Convert/ extend Signature field from a string to structured data. #249

Carreau · 2023-04-19T12:13:53Z

It would be nice to store the signature in a more structured form in order to be able to do some operation after the fact.

We probably need to iterate a bit on it, and maybe some part of the signature need should be str anyway, but we might want to store:

async or not.
Generator function or not.
each parameter name, wether they are positional or key-word.
The default value (maybe as a string), for each.
The type annotation (as a string or structured?)

Even if the rendering in myst, for now we convert all back to string, it's ok, but it would allow us to dynamically modify the rendering to for example not display default values, or not display deprecated parameter, or do search like "is async" or not.

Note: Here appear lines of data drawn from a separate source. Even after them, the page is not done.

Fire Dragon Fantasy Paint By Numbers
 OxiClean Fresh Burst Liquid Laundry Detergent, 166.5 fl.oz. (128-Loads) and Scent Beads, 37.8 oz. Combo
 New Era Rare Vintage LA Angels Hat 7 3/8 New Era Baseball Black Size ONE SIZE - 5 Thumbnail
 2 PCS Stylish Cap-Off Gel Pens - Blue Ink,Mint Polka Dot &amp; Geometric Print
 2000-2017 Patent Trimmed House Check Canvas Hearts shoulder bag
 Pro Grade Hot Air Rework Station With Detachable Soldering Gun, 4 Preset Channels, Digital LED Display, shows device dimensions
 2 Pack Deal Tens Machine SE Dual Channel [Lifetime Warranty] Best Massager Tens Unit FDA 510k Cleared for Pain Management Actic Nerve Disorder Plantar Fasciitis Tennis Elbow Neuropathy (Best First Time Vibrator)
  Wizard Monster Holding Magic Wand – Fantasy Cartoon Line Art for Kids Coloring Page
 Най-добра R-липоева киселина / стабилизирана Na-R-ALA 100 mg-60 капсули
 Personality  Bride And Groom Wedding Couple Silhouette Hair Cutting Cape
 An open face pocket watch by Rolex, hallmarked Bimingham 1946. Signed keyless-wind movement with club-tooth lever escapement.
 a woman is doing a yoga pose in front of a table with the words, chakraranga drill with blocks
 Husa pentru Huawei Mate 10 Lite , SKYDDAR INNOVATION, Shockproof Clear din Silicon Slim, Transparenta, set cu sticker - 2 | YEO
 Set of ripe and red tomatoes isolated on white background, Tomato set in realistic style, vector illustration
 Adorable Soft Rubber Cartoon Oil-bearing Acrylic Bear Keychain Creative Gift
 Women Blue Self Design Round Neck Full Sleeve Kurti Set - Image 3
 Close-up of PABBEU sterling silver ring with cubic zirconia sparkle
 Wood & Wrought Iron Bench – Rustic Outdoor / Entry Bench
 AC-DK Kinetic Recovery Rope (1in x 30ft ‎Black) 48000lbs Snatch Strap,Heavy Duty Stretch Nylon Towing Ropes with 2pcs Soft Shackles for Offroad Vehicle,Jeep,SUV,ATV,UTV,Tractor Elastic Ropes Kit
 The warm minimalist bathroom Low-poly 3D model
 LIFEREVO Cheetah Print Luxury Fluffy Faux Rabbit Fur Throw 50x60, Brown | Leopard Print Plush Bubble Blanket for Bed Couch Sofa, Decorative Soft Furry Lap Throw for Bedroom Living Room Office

For the default values/annotation, I'm assuming it might be ok to store as string for now, but in the long run I'm hopping we can also compress/expand those and link to relevant object.

For example

DataFrame.aggegate(column:Union[str, List[str]], method=sum,....)

I think in the end we should be able to make tokens like Union, str List link to the relevant object, and maybe
even expand it to if the type is structured

I'm not sure how to do that yet, but I think it's something we should keep in mind.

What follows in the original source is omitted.